Josef Bramls ernüchternde Analyse der geopolitischen Lage und die für Europa
daraus erwachsenden Gefahren und Möglichkeiten.

Von Gregor Keuschnig
 

"Die transatlantische Illusion" von Josef Braml war bereits vor dem Einmarsch russischer Truppen in der Ukraine ein Bestseller. Der Verlag legte Anfang März mit einer zweiten, aktualisierten Auflage nach, in der das Ereignis vom 24. Februar eingearbeitet wurde.
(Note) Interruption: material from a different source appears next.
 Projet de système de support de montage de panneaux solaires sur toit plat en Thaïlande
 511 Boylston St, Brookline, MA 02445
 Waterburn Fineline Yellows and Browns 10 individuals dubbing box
Braml wird als Generalsekretär der "Trilateralen Kommission" vorgestellt, einer sogenannten Denkfabrik ("Thinktank" – böse übersetzt mit "Denkpanzer"), der – wie dies mit den meisten Organisationen dieser Art so üblich zu sein scheint – einige Mythen ob ihrer Auswirkungen und Dimensionen anhaften.
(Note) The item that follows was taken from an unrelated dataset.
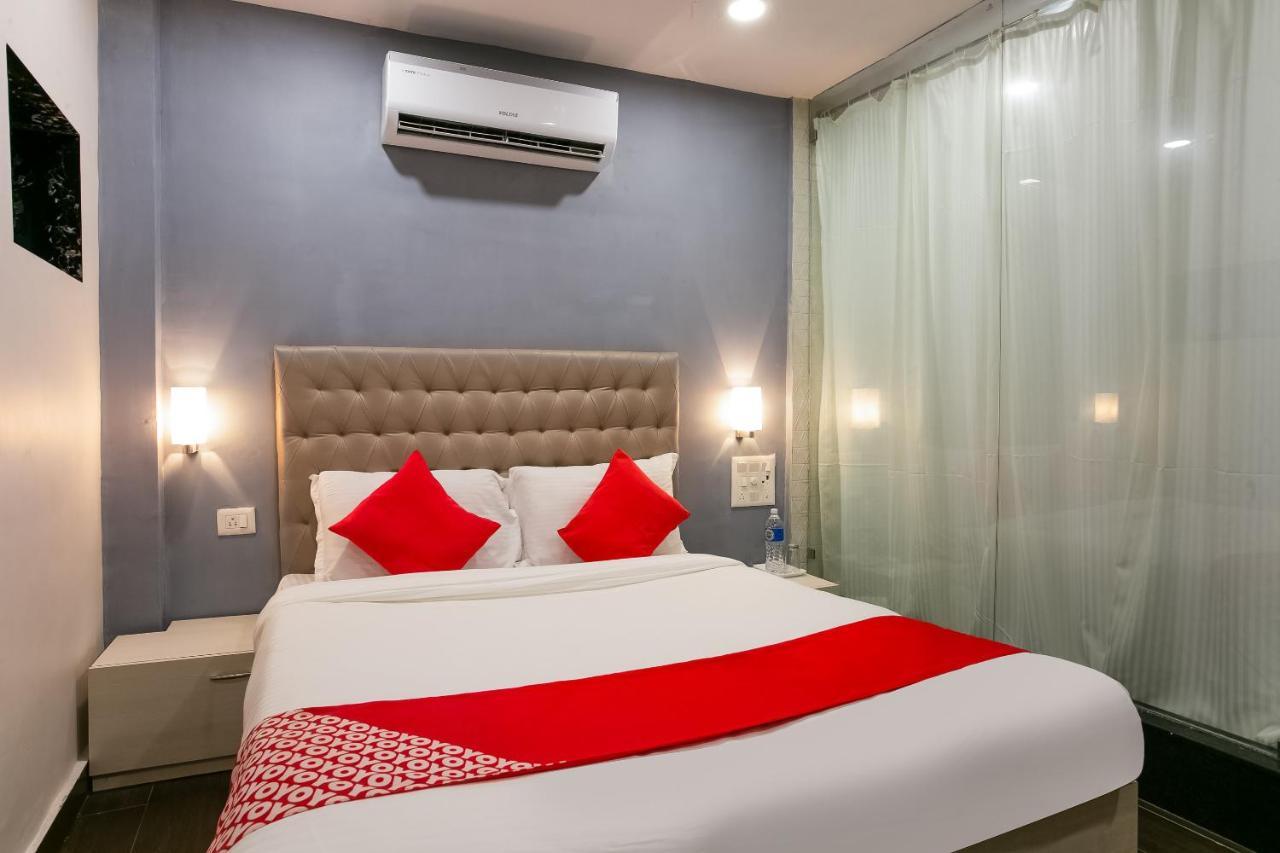 Oyo 62882 Villa Palace Mumbai Ngoại thất bức ảnh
Entgegen der Erwartung, die man nach dem Vorwort an den Titel hegt, geht es allerdings nicht nur um Sicherheits- und Verteidigungspolitik. Der Erfolg des Buches dürfte sich auch der dezidiert kritischen Sicht auf die USA verdanken. In fast beschwörendem Ton wird ausgeführt, dass sich Europa nicht länger der "transatlantischen Illusion" hingeben dürfe. Die USA, so die These, werden in naher Zukunft nicht mehr als "Schutzmacht" für "Sicherheit und Wohlstand der Alten Welt" zur Verfügung stehen, weil sich der geostrategische Fokus auf den Indo-pazifischen Raum, insbesondere, China konzentriere. Aber eben auch, weil die Vereinigten Staaten selber nicht mehr eine stabile Macht darstellen.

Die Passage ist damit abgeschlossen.